Sixth high-profile exit from Facebook as Oculus co-founder quits over difference of opinion
After WhatsApp and Instagram founders, Oculus' Brendan Iribe also found it difficult to align his vision with Facebook's.
Facebook has been faced with a slew of high-profile exits of late. In the last two years, founders of six companies or startups it acquired have left the organisation. Less than a month after Instagram co-founders Kevin Systrom and Mike Krieger departed, Brendan Iribe, co-founder of Oculus (the virtual reality startup Facebook acquired for $2 billion in 2012) announced his exit.
Even though Brendan, who was heading Facebook’s PC VR team, didn’t specify the cause of his exit, merely calling it the “first real break” in a 20-year career, speculations are rife that he may have fallen out with his bosses.
A TechCrunch report claims Brendan’s views about the future of Oculus were “fundamentally different” from his owners’, and the cancellation of an upcoming product — the Rift 2 headset — could have been the final nail in the coffin.
Brendan was opposed to Facebook’s increasing focus on pocket-friendly standalone VR headsets like the Oculus Go and the Oculus Quest, at the cost of more top-of-the-line PC-based VR hardware. He reckoned it was a “race to the bottom” in terms of performance.
Commenting on his exit, Facebook stated,
“Brendan built an incredible company and team. He pushed VR far beyond the boundaries of what people thought possible and it’s because of his vision that we’re all here working on VR today. We’re thankful for his leadership, his dedication to building the impossible, and he’ll be missed.”

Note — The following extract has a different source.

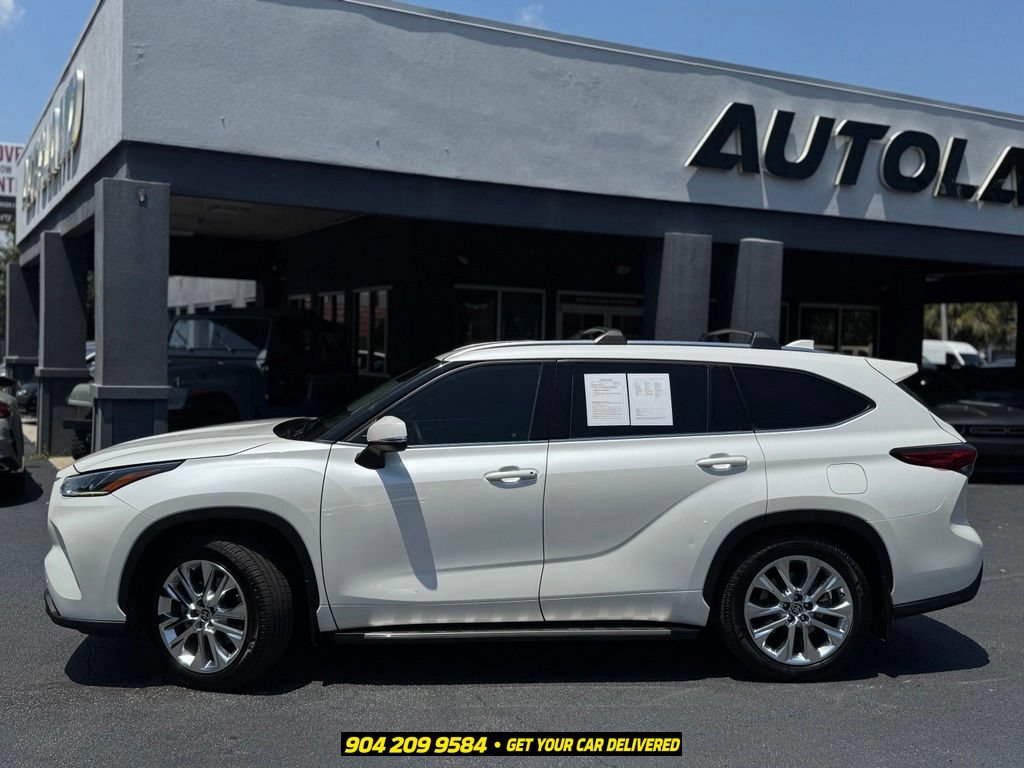 Used 2021 Toyota Highlander Limited FWD image 4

Incidentally, Oculus’ other co-founder Palmer Luckey was ousted by Facebook in early 2017 for reasons unconfirmed. Meanwhile, the third co-founder, Nate Mitchell, will continue to be at Facebook. “A lot of questions today about the future of Rift — we’re still driving forward on the Rift/PC platform with new hardware, software, and content,” he wrote on Twitter.
Brendan’s departure follows a trend of past founders struggling to align their vision with that of Facebook CEO Mark Zuckerberg. Firstly, founders are said to be losing autonomy. Secondly, their ideas of revenue generation differ from that of Facebook’s top leadership.

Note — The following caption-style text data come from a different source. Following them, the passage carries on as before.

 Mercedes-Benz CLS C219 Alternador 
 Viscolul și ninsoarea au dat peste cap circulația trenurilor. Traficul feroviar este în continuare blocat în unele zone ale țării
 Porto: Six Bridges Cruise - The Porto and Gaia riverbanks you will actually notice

WhatsApp co-founder Brian Acton left the company last year when he disagreed with Zuckerberg on ways to monetise WhatsApp, which Facebook had acquired for $19 billion in 2014. Earlier this year, Brian propagated the #DeleteFacebook movement in the wake of the Cambridge Analytica data scandal that has rocked Facebook.
Jan Koum, WhatsApp’s other co-founder, exited in the wake of the scandal. Later in a tell-all media interview, he revealed that he felt he had sold his users’ security and privacy and lived with that “compromise” every day. Facebook, his parent company, had made him do that in a bid to monetise WhatsApp.
Facebook is increasingly being seen as a ruthless tech corporation that is willing to go to any extent to make a quick buck. The company is, of course, doing its best to repair its image, and deal with government regulators across the world as its recent appointment of a former deputy PM as global corporate affairs head indicates.